Trois ans après Baked, une splendeur pop impensable de la part d’un jeune groupe français, Extraa reviennent et… doublent la mise avec un Out of Phase tout aussi beau, et qui plus est moins évidemment référencé.
On avait, il faut bien l’admettre, un peu perdu la trace d’Extraa depuis la mi-2020, quand leur premier album, Baked, nous avait frappé en plein cœur. On en était resté avec ce sentiment doux amer qui subsiste après un amour de vacances : des moments trop beaux pour être vrais, une musique lumineuse comme un été qui ne pouvait pas durer,… alors on s’était résigné à revenir aux guitares plombées et aux chansons sombres d’une époque qui ne sourit pas beaucoup. Et on a attendu ce deuxième album, dont le groupe nous avait promis qu’il sortirait très vite, puisque des chansons étaient déjà prêtes. On a attendu. Et rien n’est venu. Jusqu’à ce que, badaboum, habillé dans une pochette aussi superbe que (relativement) mystérieuse, voici que notre amour perdu revient : Out of Phase est une nouvelle merveille pop qui, d’un côté, reprend les choses là où on les avait laissées, dans la ligne d’une tradition psyché anglaise de la fin des années 60 (Beatles, Stones, Kinks, Pink Floyd de Syd Barrett, tout ça…). Mais qui, et c’est un progrès important, semble avoir pris une certaine distance avec ces sources d’inspiration forcément envahissantes.
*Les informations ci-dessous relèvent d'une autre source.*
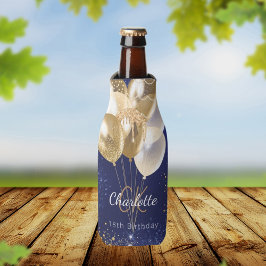 Verjaardag navyblauwe gouden ballonnen monogram na flesjeskoeler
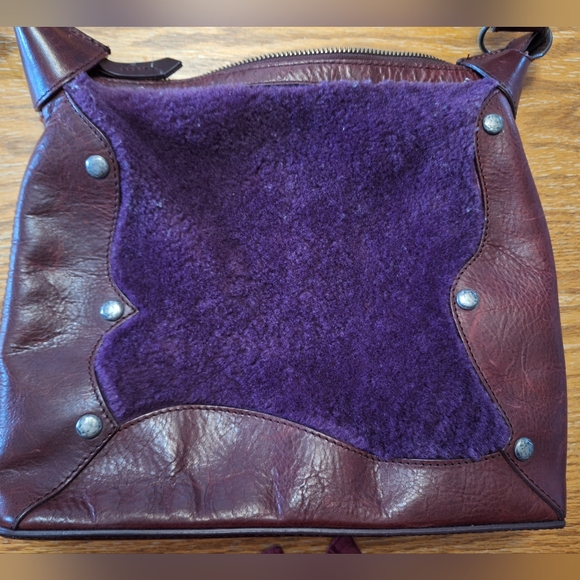 John Fluevog Floral Burgundy Shearling Sling Bag Purse - Picture 11 of 15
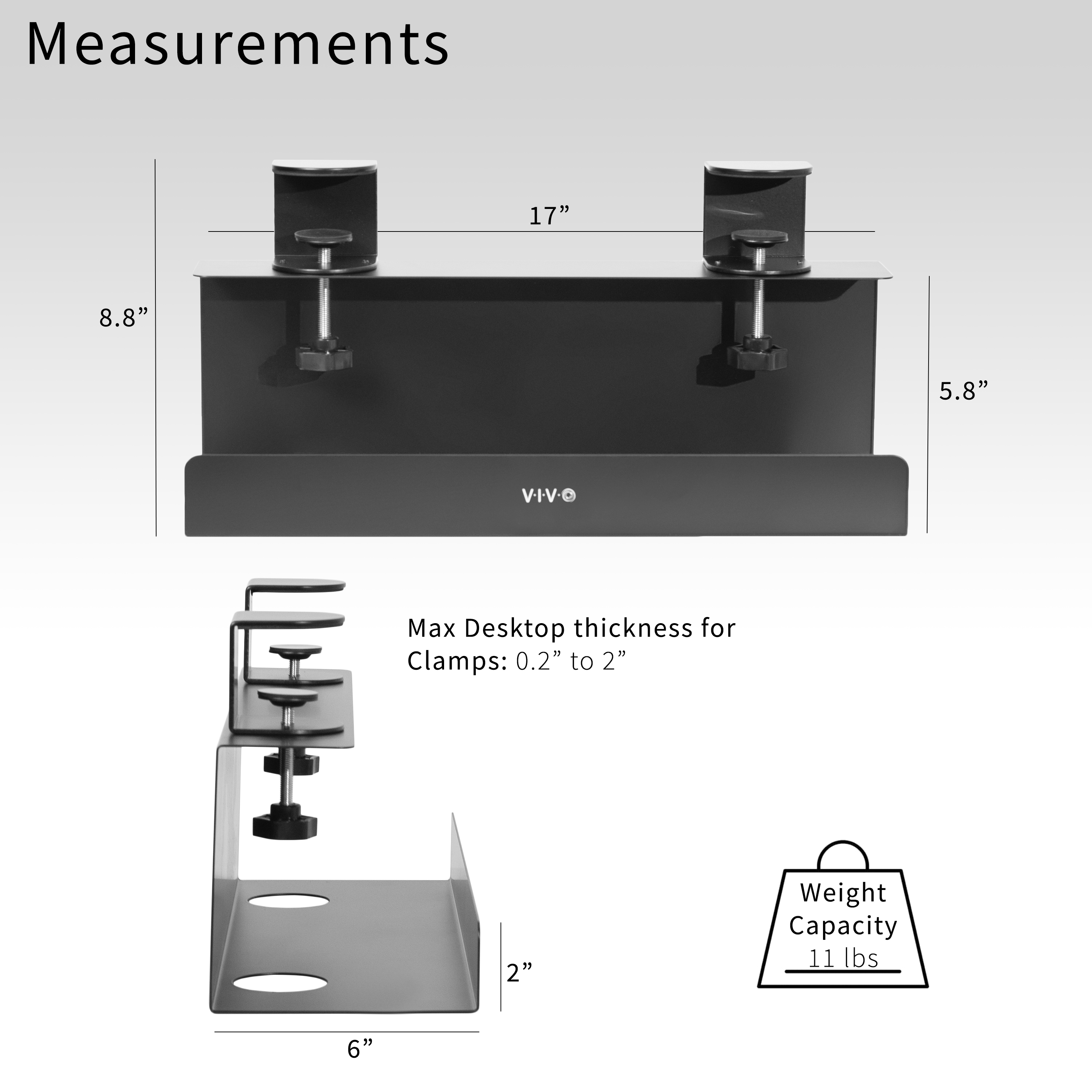 VIVO Black 17 inch Clamp-on Cable Management Power Strip Tray System for Desk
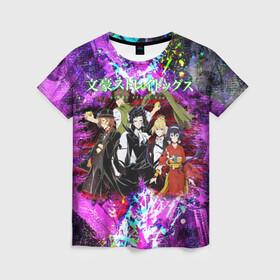 Женская футболка 3D с принтом Bungou Stray Dogs color в городе Новоалтайск, 100% полиэфир ( синтетическое хлопкоподобное полотно) | прямой крой, круглый вырез горловины, длина до линии бедер | anime | bungou | bungou stray dogs | dogs | stray | аниме | бродячий пес | великий из бродячих псов | манга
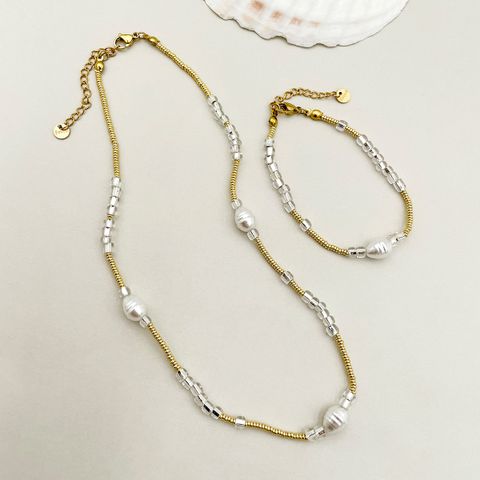 Glam Roman Style Round Gold Plated Pearl Beads 304 Stainless Steel Beaded Wholesale Bracelets Necklace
Dès le magique Somewhere qui ouvre l’album, on retrouve le chant envoûtant d’Alix Lachiver posé sur une musique suave et accueillante, qui remet de la lumière en ce début d’hiver sinistre, qui donne envie de se lover dans cet univers doux, où la mélodie pop « classique » règne. Eden Boy introduit des guitares plus présentes, plus agressives (mais jamais lourdes), qui actualisent élégamment la musique d’Extraa, et la positionne clairement en 2023… même si il ne manquera pas de petits malins qui pointeront que c’est surtout là l’ajout de nouvelles influences shoegaze ou indie rock des années 90, ce qui, évidemment, n’est pas totalement faux. Blue Jeans, sur une rythmique reggae (eh oui !) sautillante, ouvre grand encore le sac magique d’Extraa et déballe des guitares belliqueuses, des « la la la » qu’on chantera immédiatement et une autre mélodie irrésistible : l’un des sommets de l’album, qui s’apparente néanmoins à une course poursuite sur les cimes. All Good est un morceau « à étages », quasi cinématographique, qui fait défiler des images dans nos têtes, au fur et à mesure qu’il passe d’une musique de série TV policière à dream pop romantique et urbaine en passant par une surf pop évoquant les plages californiennes.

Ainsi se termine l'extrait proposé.